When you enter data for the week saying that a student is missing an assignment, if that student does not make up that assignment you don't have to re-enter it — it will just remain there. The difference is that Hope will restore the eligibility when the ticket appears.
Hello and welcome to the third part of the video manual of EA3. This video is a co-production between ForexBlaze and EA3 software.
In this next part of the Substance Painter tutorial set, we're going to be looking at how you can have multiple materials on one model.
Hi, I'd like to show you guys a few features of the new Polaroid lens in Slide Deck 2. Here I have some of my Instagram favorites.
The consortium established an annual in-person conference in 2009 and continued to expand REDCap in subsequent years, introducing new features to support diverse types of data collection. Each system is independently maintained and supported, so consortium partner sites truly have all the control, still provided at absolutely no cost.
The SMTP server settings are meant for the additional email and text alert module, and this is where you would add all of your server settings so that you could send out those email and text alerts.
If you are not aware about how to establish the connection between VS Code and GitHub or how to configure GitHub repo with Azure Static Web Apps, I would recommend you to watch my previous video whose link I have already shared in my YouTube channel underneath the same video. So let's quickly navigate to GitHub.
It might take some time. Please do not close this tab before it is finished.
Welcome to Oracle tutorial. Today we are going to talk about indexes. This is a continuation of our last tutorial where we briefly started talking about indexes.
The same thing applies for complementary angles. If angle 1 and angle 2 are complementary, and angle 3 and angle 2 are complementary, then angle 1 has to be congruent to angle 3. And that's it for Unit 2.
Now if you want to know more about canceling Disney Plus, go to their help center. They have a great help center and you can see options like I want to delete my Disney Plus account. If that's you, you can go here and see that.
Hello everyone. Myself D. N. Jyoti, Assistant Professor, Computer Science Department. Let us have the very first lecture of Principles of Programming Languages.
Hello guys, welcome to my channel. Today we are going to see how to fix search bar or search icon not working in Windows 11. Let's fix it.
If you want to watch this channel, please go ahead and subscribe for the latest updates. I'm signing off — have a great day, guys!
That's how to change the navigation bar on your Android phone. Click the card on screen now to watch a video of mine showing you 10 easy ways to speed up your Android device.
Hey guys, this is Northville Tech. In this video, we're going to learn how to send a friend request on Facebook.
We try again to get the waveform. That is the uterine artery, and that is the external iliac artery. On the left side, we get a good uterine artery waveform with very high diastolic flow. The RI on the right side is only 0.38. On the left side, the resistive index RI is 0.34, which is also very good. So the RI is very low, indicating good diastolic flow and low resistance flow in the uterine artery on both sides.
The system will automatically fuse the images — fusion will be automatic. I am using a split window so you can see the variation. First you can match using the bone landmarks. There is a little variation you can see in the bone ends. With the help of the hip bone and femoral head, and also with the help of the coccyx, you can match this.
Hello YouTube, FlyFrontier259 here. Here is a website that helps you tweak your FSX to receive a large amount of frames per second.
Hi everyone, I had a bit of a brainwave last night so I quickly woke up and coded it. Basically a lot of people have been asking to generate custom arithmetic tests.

Task to carry out:
Each line above that has the word "Today" must be copied.

Written solution:
Welcome to Oracle tutorial. Today we are going to talk about indexes. This is a continuation of our last tutorial where we briefly started talking about indexes.
Hello guys, welcome to my channel. Today we are going to see how to fix search bar or search icon not working in Windows 11. Let's fix it.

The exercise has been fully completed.